The Swede-HF analysis was based on 6710 patients with HF and a left ventricular EF less than 40% who were older than 80 years; about 80% of the cohort were receiving ACE inhibitors or ARBs at baseline.

Savarese acknowledged that some patients likely stopped taking or initiated the drugs after baseline, a limitation of the analysis.

Comparison of those prescribed or not given the drugs showed many significant differences, as expected. Those taking them were less likely to be in NYHA class III or IV or to have had HF for more than 6 months, they had better renal function and were more likely to be receiving a β-blocker and less likely to be receiving diuretics, and they were more likely to be followed at an outpatient HF nurse-led clinic (P < .001 for all differences).

Propensity matching based on such baseline features yielded comparator groups of 1208 patients prescribed ACE inhibitors or ARBs and 1208 not taking them.

Table. Hazard Ratios for Outcomes in Patients With Systolic HF, ACE Inhibitors vs No ACE Inhibitors, by Age Group

Endpoints Hazard Ratio (95% CI)
Age >80 y Age ≤80 y
All-cause mortality 0.78 (0.72 - 0.86); NNT = 9 0.81 (0.71 - 0.91);NNT = 17
All-cause mortality or HF hospitalization 0.86 (0.79 - 0.94); NNT = 12 0.85 (0.76 - 0.94);NNT = 14
NNT = number needed to treat to prevent 1 endpoint.


Mullens listed what he sees as challenges in getting clinicians, at least in Europe, to prescribe ACE inhibitors more often to the older-than-80 age group. "First of all these elderly patients are often being taken care of by geriatricians and general physicians, who often lack the resources and the knowledge to take care of these difficult problems."

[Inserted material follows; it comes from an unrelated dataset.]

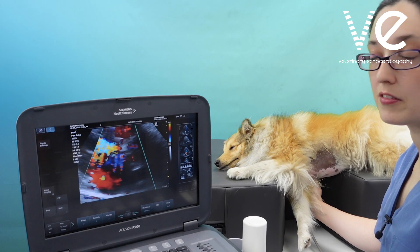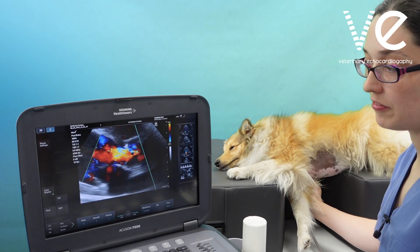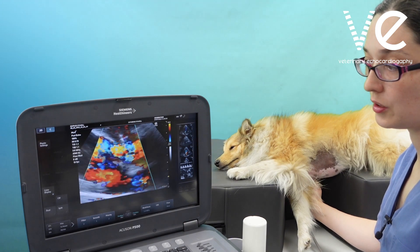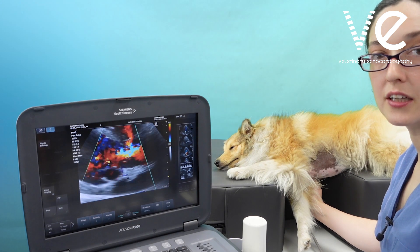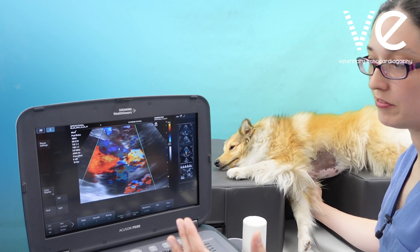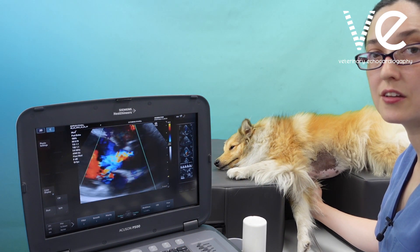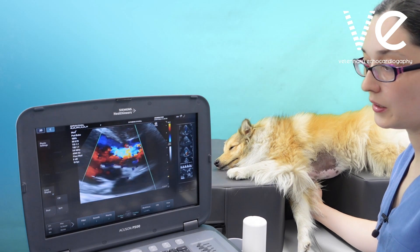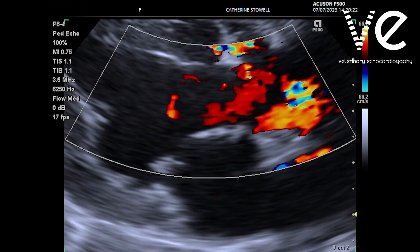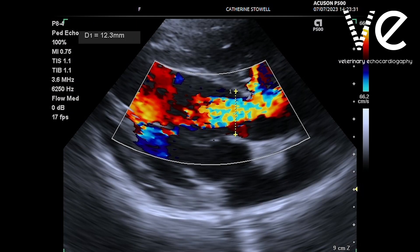Put in colour Doppler over the valve. Look at how much of the left ventricular outflow tract is occupied by the regurgitant jet. Looking at how far the jet goes into the left ventricle is not a particularly good way to assess severity. We can measure the width and compare it to the left ventricular outflow tract diameter to get a measurement of aortic regurgitation severity.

Second, such patients are typically taking multiple medications, he observed. "Often they will ask us to reduce their medications. What's happening in our institution, is when they are hospitalized in the geriatric wards, they cut down on their renin-angiotensin-system inhibition, again promoting further decompensation."

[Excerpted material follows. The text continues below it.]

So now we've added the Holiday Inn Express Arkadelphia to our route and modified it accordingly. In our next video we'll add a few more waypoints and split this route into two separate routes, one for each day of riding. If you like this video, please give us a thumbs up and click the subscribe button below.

Finally, the very elderly tend to have comorbidities, often including renal dysfunction, Mullens said. "It's important for us, as heart failure physicians, to actually promote these drugs even if patients have bad kidney function, because these are the only drugs that can preserve and elevate glomerular function."

He called it "our duty" to teach geriatricians in the field that ACE inhibitors benefit these very elderly patients. "And I hope that this will actually break the clinical inertia that we're facing with these kinds of therapies."

Savarese discloses receiving research grants from Boehringer-Ingelheim and Merck. O'Connor discloses consulting fees from Novella and Amgen; ownership or partnership or being a principal in BisCardia; and research support from Otsuka, Roche Diagnostics, BG Medicine, Critical Diagnostics, Astellas, Gilead, GE Healthcare, and ResMed. Ruschitzka discloses receiving research grants from St Jude Medical and Novartis; personal fees for lectures from St Jude Medical, Servier, Zoll, Novartis, Bayer, and Abbott; and personal fees for advisory board or steering committee clinical trial meetings from AstraZeneca, Sanofi, Cardiorentis, Amgen, BMS, Pfizer, Fresenius, Vifor, and Roche. Mullens has recently disclosed that he has no relevant conflicts.

European Society of Cardiology Heart Failure (ESC-HF) 2018. Late breaking trial II - chronic heart failure; presented May 27, 2018.